Caption-style text data:
:::
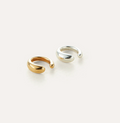 Jenny Bird Sila Ear Cuffs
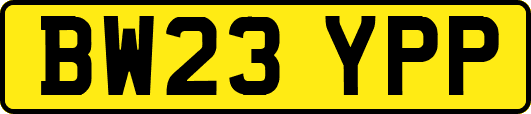 BW23YPP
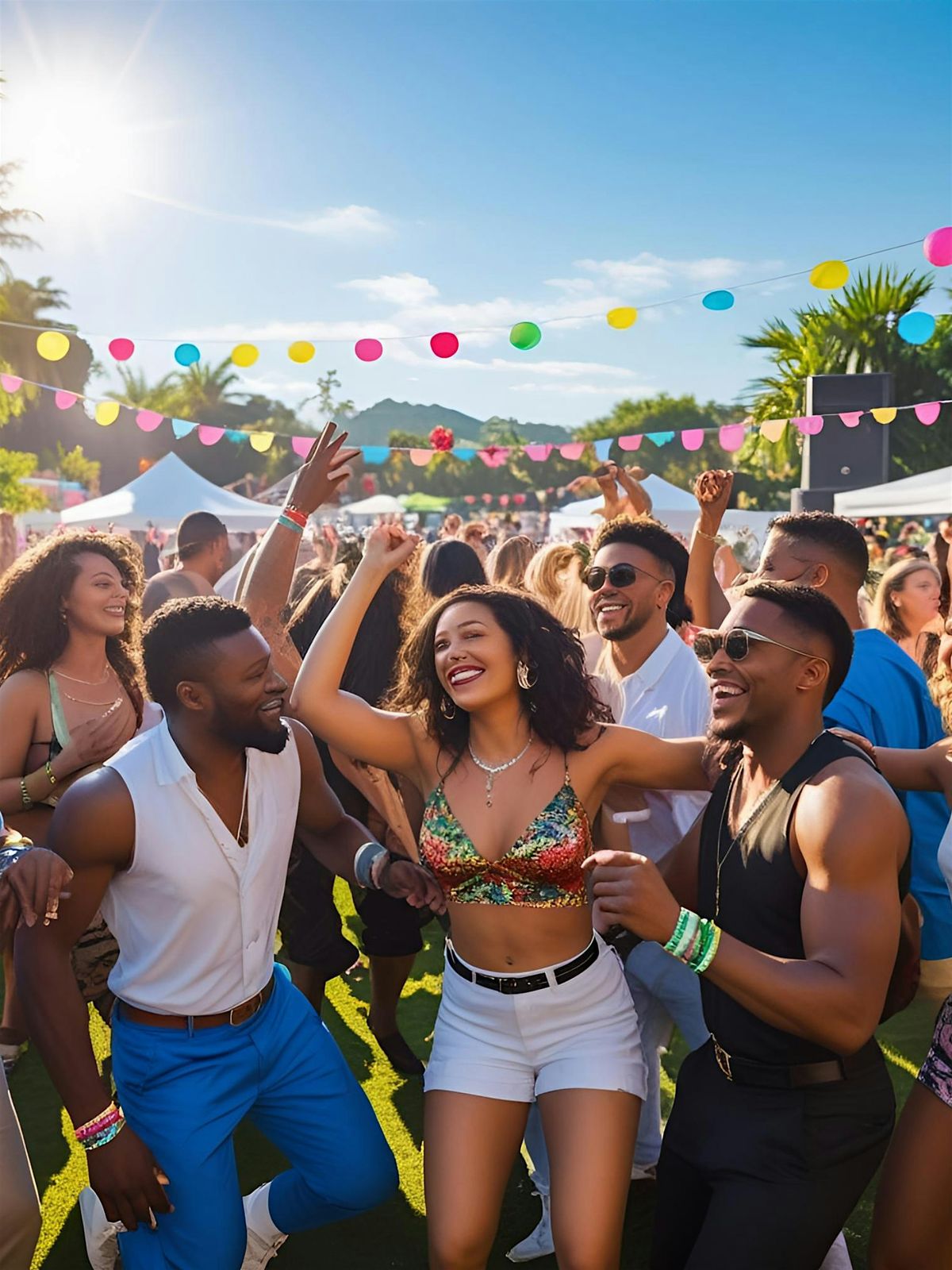 R&B VINES LABOR DAY WEEKEND EDITION AUGUST 29 ends at 2:00 am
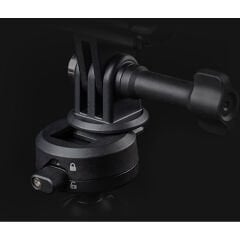 Pgytech CapLock Three-arm Suction Mount P-GM-224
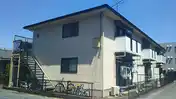 ファミーユ・サンク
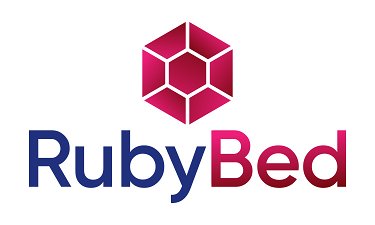 RubyBed.com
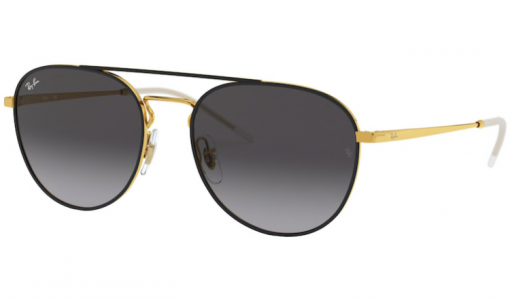 Ray-Ban 3589 Prescription Sunglasses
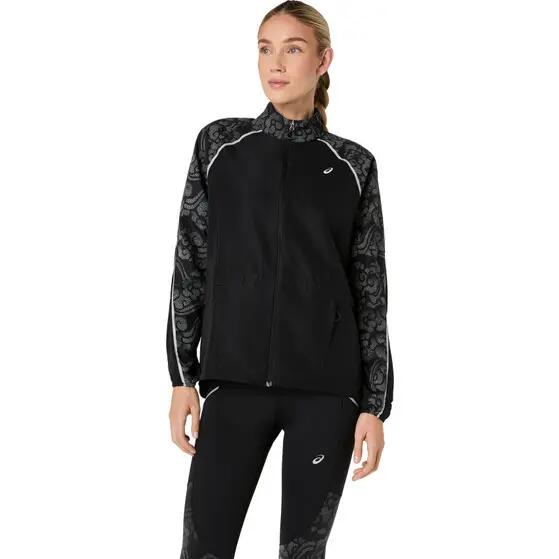 ASICS picture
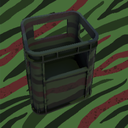 MelonCorp-MeloncorpCrates-1.0.3 icon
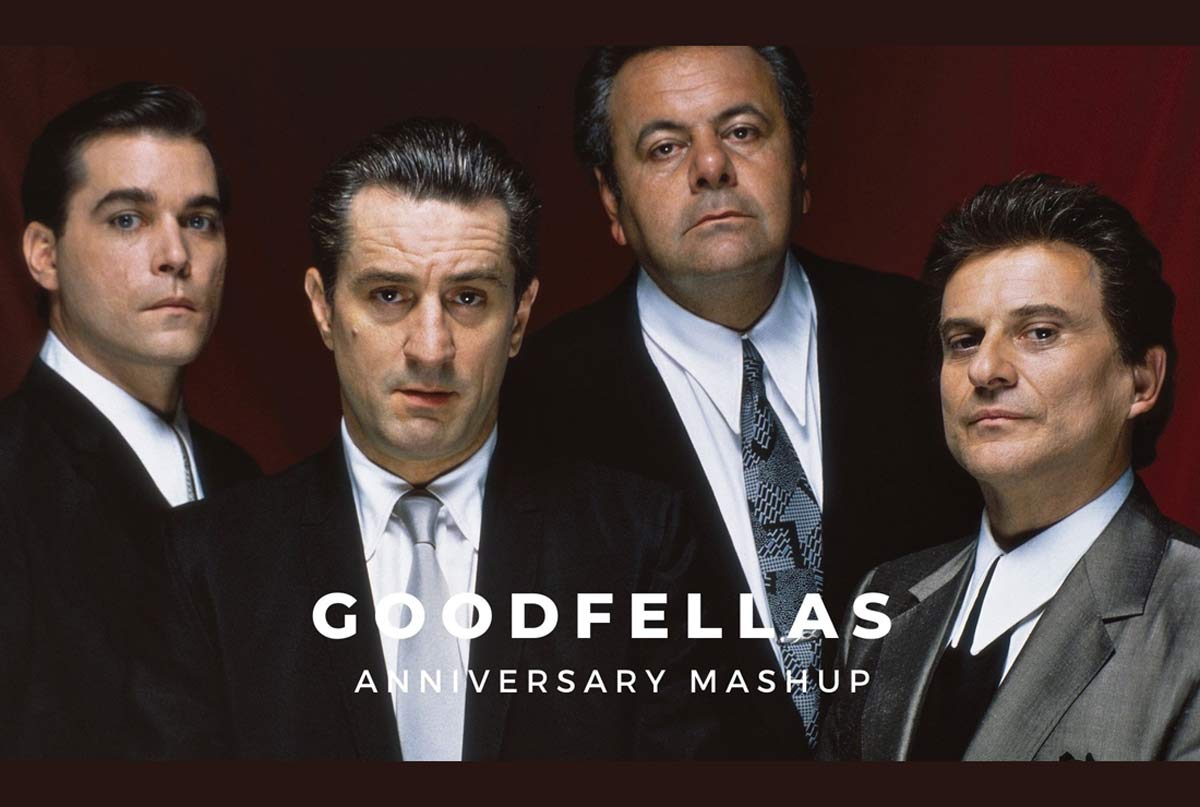 رهایی از گناهکاران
:::
Requirement: Without the pictures, return the records above exactly as given.

Solution to the exercise:
 Jenny Bird Sila Ear Cuffs
 BW23YPP
 R&B VINES LABOR DAY WEEKEND EDITION AUGUST 29 ends at 2:00 am
 Pgytech CapLock Three-arm Suction Mount P-GM-224
 ファミーユ・サンク
 RubyBed.com
 Ray-Ban 3589 Prescription Sunglasses
 ASICS picture
 MelonCorp-MeloncorpCrates-1.0.3 icon
 رهایی از گناهکاران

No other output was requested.